時計愛好家が語る
一生大定番時計
見る人が見ればわかるそんな控えめな時計がいい
一生愛せる時計とはどういうものかと聞くと、しばし黙考したのち「唯一無二の個性を備えながら過度に主張せず、けっして飽きることない時計」と答えた太田裕康さん。取材時の腕にあったのはオーデマ ピゲの「ロイヤル オーク」。小ぶりのソリッドなケースが、サルトリア ダルクオーレのスーツにシックに馴染んでいた。レアメタルのタンタルとSSとのコンビで、ムーブメントはクォーツだ。
「これは’92年製で、7年前に購入。当時クォーツのロイヤル オークは手に入れやすかったんです。クォーツだからケースが薄く、シャツの袖と干渉しないのが気に入っています」
これ以外にスーツによく合わせるのがパテック フィリップの「カラトラバ」。自身の生年に近い年代製で、ホワイトゴールドケースだ。

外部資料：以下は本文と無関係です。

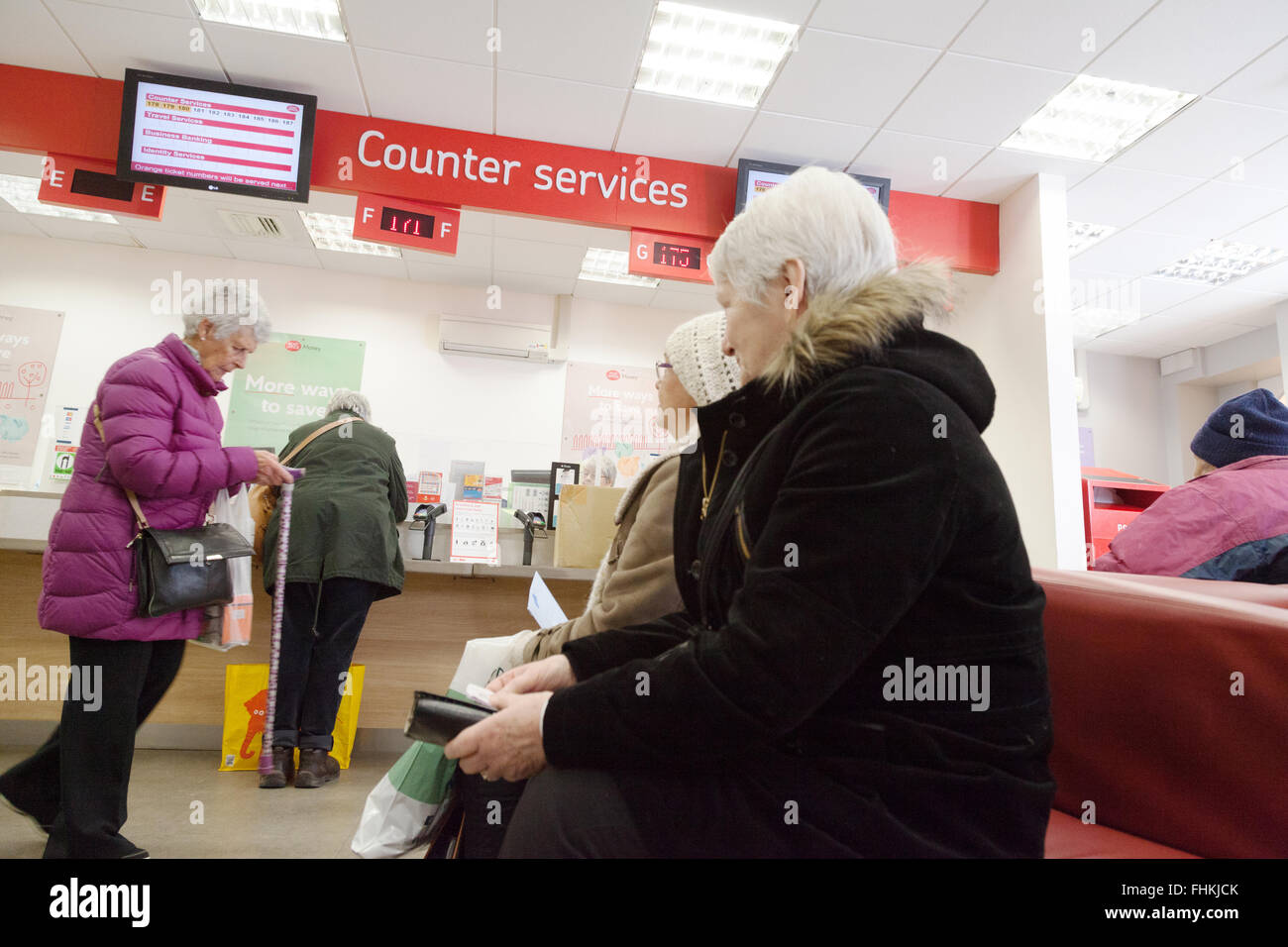 Les personnes en attente dans le système de file d'attente pour les services au comptoir, Cambridge Bureau de poste, Cambridge en Angleterre UK Banque D'Images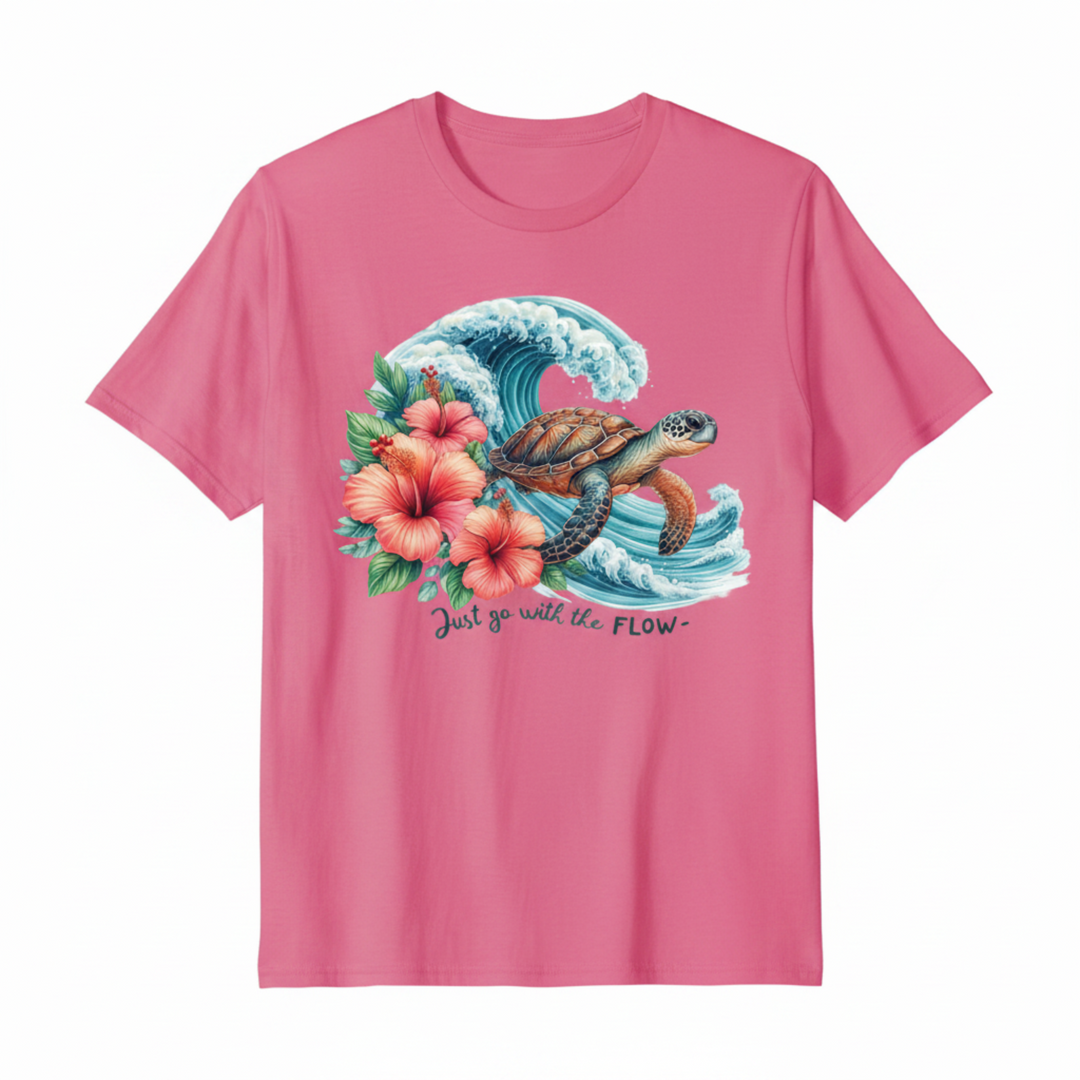 Breathtaking Sea Turtle Graphic Tee featuring a detailed watercolor sea turtle gliding through a dramatic ocean wave with pink hibiscus flowers.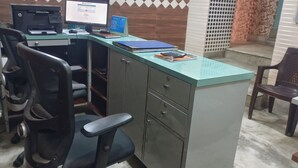 Una oficina pequeña con un escritorio, computadora y silla de oficina.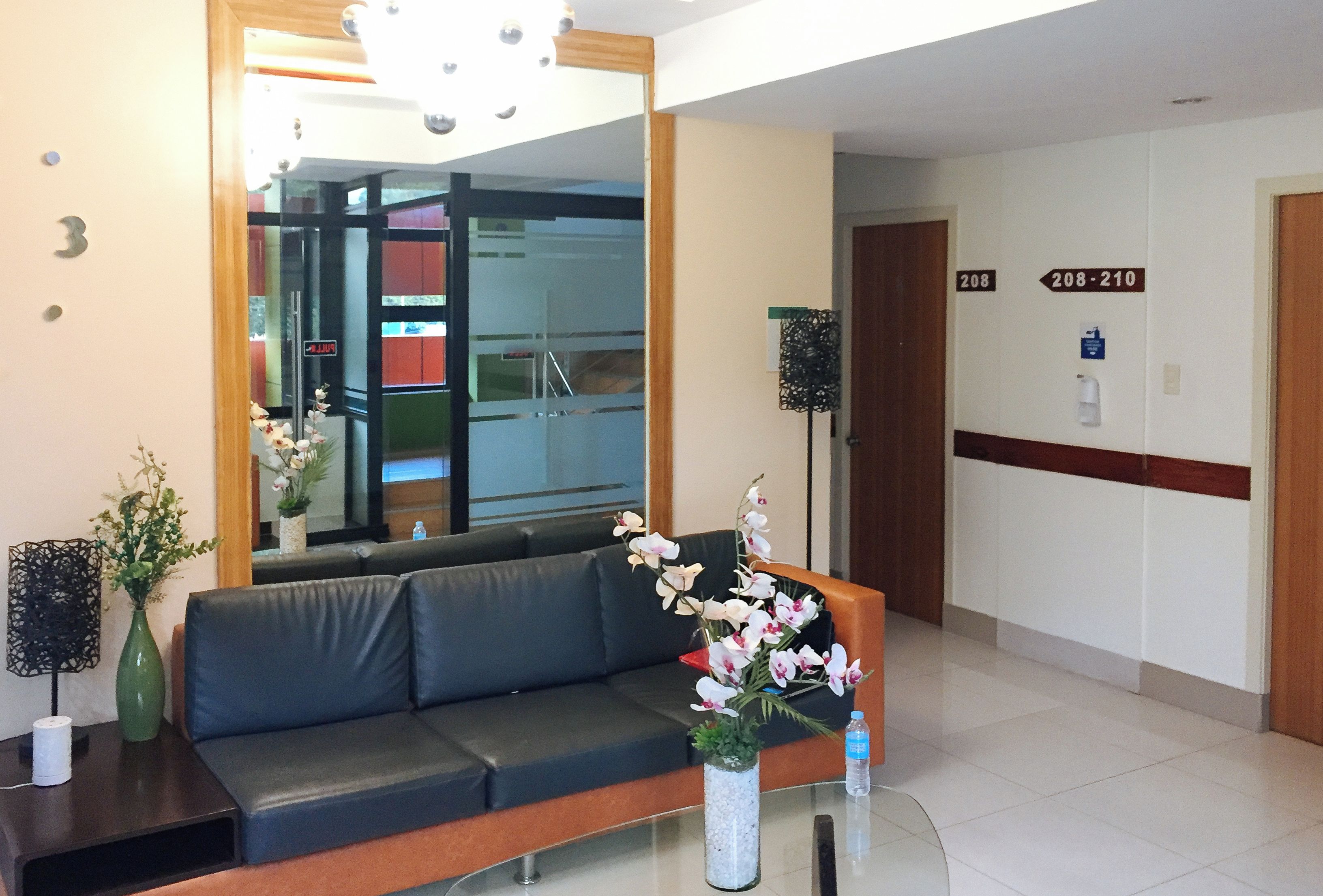 Un área de recepción con un sofá, una mesa de vidrio, un florero y un espejo, además de un cartel que indica las habitaciones 208 al 210.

「イエローやピンクゴールドのカラトラバと違い、冠婚葬祭すべてのオケージョンに使えるのがいいですね。ちなみにお気に入りはグレーのフランネルスーツとの合わせ。シンプルな着こなしでも十分主張してくれます」
ともに誰もが羨むモデルでありながら袖口での見映えはあくまで控えめ。業界きってのウェルドレッサーらしい手堅いセンスを感じるチョイスだ。
太田さんの一生定番時計
[1]パテック フィリップの「カラトラバ」(Ref.3425)
「10年ぐらい前、UA創業時の大先輩から、譲り受けたもので、とても大切にしています」
[2]17年前に購入したロレックスの「GMTマスター」
70年製。「知り合い宝飾店にて購入。ベゼルの焼け具合を気に入り、一時はこればかり着用しています」
[3]ジャガー・ルクルトの1950年代製のダイバーズ
20代のときにフランスへ自費で出張に行ったとき、先輩と訪れた時計店にて購入。「どこかの海軍で使われたものらしいのですが、小ぶりなサイズで気張ったところがないのが好きです」
Profile
ソブリン ブランドディレクター
太田裕康さん
1969年生まれ。神奈川県出身。学生時代にユナイテッドアローズ原宿本店にアルバイトとして勤めた後入社。ザ・ソブリンハウスの立ち上げに参画し、店長、バイヤーを経て現職。趣味はフライフィッシング。若い頃から剣道に打ち込み錬士六段。